Brigjend Pol (Purn) Dr. Anton Tabah, M.B.A: Berjihad Melegalkan Jilbab Polwan
Oleh: Ahmad Nasri
Setelah
terjadi perdebatan panjang dan melalui jalan yang tidak gampang, akhirnya
Polisi Wanita (Polwan) di Indonesia dapat mengenakan jilbab dalam seragamnya.
“Selamat
kepada Polwan Muslim yang ingin menggunakan hijab, kini telah dikeluarkan Kep
Kapolri yang mengatur tentang seragam Polwan berhijab yang disahkan dengan Kep
Kapolri Nomor: 245/III/2015, tanggal 25 Maret 2015 tentang perubahan atas
sebagian isi Surat Keputusan Kepala Kepolisian Negara RI No Pol:
SKEP/702/IX/2005 tanggal 30 September 2005 tentang sebutan, penggunaan pakaian
dinas seragam Polri dan PNS Polri,” demikian bunyi status facebook resmi Divisi
Humas Mabes Polri.
Perjuangan
panjang dalam rangka mengegolkan aturan resmi agar Polwan dapat berjilbab tidak
bisa dilepaskan dari sosok Brigjend Pol (Purn) Dr. Anton Tabah, MBA. Melalui
pesan singkatnya (SMS) kepada penulis beberapa waktu yang lalu beliau
mengisahkan bahwa perjuangan yang beliau sebut ‘jihad’ untuk melegalkan jilbab
ini dimulai sepulang dari studi banding ke Inggris dan beberapa negara Eropa.
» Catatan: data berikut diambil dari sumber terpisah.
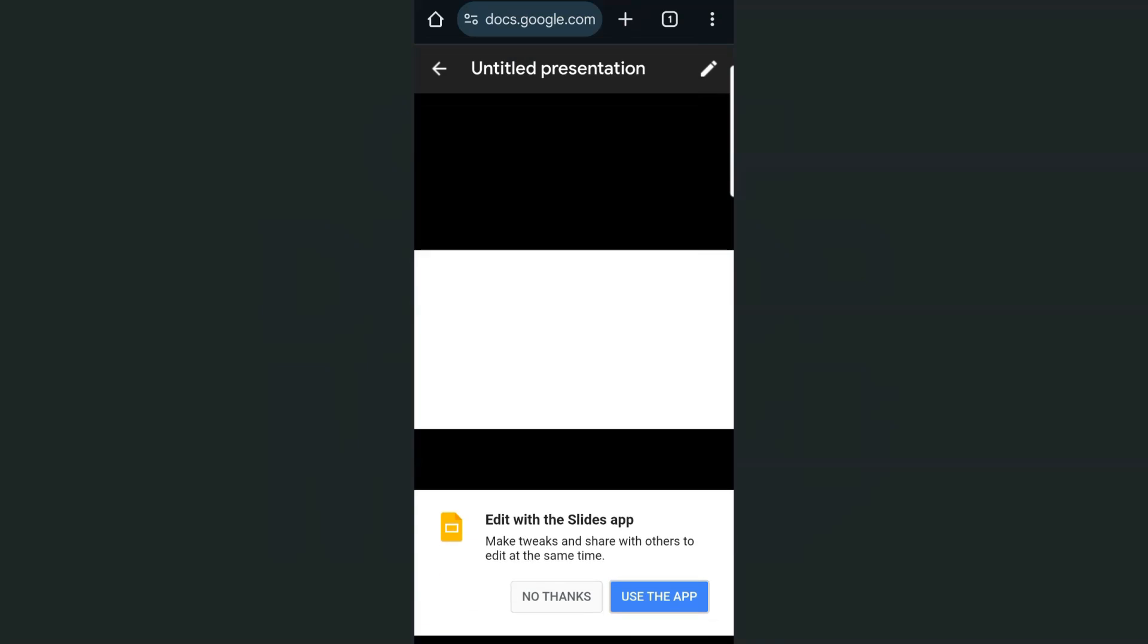And here we have it. Now it's saying that we're going to use the app, but we're not going to do that. Tap on no thanks.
Studi banding yang beliau jalani bersama Jenderal Tanos pada akhir tahun 2009
sampai awal tahun 2010 itu sebetulnya studi tentang Police Complain (keluhan
masyarakat terhadap polisi), tetapi beliau justru tertambat ketika apel melihat
Polwan Muslimah Inggris yang seragamnya berjilbab.
“Saya
tertambat dengan pasukan yang saat apel itu Polwan-Polwan kok berjilbab,
kemudian saya tanya sama Kapolda London, ‘itu polisi?’ Jawabnya, ‘iya itu
polisi muslimat’. Terus setelah apel saya panggil beberapa Polwan tersebut,
saya lihat seragamnya, ternyata didesain khusus sehingga gerakan di lapangan
tidak terganggu dengan jilbabnya,” begitu kisah beliau dalam wawancara dengan
sebuah stasiun radio di Solo.
Meskipun
masalah jilbab bukan pada bidang studi banding beliau, saat pulang ke Indonesia
Dr. Anton membuat laporan khusus tentang Polwan berjilbab di Inggris tersebut
kepada Kapolri yang ditembuskan kepada Presiden Susilo Bambang Yudhoyono.
Menurut
anggota Komisi Hukum Majelis Ulama Indonesia (MUI) Pusat ini, perjuangan untuk
melegalkan jilbab ini sudah beliau mulai saat menjabat sebagai letnan dan
beliau teruskan hingga menjadi jenderal. Dan perjuangan ini ternyata juga
disambut positif oleh Polwan dan wanita TNI. Bahkan setelah mendengar tentang
laporan studi banding tersebut ada perwakilan mereka yang menemui Dr. Anton
untuk memberikan dukungan dan menyampaikan keinginannya untuk berjilbab.
“Langsung
saya debat sama Kapolri, yang ini lah yang itu lah, sampai Kapolri ganti (BHD
ke TP) masih alot sekali. 2012 sebenarnya sudah hampir diperbolehkan, tetapi
malah Wakapolri yang dengan keras memanggil dan mengatakan pada saya, ‘siapa
Polwan yang mau berjilbab silakan keluar dari Polri’. Beliau ngomong seperti
itu bukan hanya di depan saya, tetapi di depan publik juga,” demikian beliau
melanjutkan kisahnya.
Mendengar
pernyataan Wakapolri tersebut tidak membuat perjuangan beliau surut dan
berhenti sampai disini. Merasa jihadnya sudah mentok melalui dialog, maka Dr.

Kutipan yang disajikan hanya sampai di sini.